Last 26th of October I started an experimento to test how PDF documents are crawled and indexed by search engines. In particular, I was curios to understand the following things about PDF documents:
- Does Microsoft Word® headers (normally used into a professional document) make a difference?
- How much the Keyword Density in the document impact on its ranking?
- How much document properties (Title, Author, Comments and Keywords) influence the indexing?
After just one week, Google started to show some concrete results. The other search engines are still looking around; only Ask return a couple of result, but anything that I can talk about.
Scope of this document is to highlight the fluctuation that the different PDF documents made (13 in total) made day-by-day.
Those are the first – most interesting – results I collected during the past weeks for the main document returned by a SERP generated using the URK "seiunamicone".
Followed by the hidden results, those one that can be seen expanding the hidden menu (click on plus symbol).

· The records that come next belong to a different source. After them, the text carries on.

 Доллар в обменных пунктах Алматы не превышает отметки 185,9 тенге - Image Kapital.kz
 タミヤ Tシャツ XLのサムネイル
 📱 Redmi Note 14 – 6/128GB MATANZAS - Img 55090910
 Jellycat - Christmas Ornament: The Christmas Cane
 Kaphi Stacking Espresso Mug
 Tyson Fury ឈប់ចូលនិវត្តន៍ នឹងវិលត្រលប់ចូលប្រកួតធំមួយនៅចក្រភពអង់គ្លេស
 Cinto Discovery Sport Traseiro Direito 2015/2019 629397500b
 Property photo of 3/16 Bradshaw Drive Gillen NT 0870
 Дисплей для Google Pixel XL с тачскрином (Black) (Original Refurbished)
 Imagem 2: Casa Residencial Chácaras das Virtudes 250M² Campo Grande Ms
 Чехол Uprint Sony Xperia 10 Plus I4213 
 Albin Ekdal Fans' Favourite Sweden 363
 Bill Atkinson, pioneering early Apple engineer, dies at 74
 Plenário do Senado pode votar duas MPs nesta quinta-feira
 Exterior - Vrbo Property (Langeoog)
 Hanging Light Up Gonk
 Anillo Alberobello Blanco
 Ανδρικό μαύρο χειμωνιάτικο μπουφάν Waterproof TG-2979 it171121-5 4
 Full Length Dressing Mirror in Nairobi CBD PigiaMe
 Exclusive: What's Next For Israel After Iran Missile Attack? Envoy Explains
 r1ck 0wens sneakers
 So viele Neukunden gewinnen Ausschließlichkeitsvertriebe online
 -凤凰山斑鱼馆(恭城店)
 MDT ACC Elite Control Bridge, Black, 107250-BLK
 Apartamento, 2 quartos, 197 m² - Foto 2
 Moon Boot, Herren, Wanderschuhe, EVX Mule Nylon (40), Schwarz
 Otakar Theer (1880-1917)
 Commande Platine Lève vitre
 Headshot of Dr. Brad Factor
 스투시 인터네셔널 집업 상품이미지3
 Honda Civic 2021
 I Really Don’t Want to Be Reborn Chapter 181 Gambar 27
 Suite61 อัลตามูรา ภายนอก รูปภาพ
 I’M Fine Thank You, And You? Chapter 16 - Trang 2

I've been monitoring the SERP for a while, and apart from the first days where it has been continuous fluctuations, now the results seem to be stabilized.
Proposing a lot of images it would probably have been muddle-headed, however I can assure you that a lot of changes took place, and I presume that looking at the SERP tomorrow, something new could be highlighted.
Just to give you an example outside the above picture, on 3rd of November the third result was a document called PDF-test-without-headers-KD43.pdf – my test n. 11. To be honest have shown it there get me confused e I wasn't able to figure out how it was possible.
That's the reason for which I included a graph collecting the different SERPs changes.
This is the full graph.
Whilst this is a graph with the documents that just take part on the SERP during the period in which I monitored it.
Let's analyze it altogether, but first let me remind you something about the documents generated. I assumed a KWD of the URK "seiunamicone" split between the page (42%) and the document properties (56%) and fake headers when H1 and H2 have been created using pure emphasis instead of Word styles.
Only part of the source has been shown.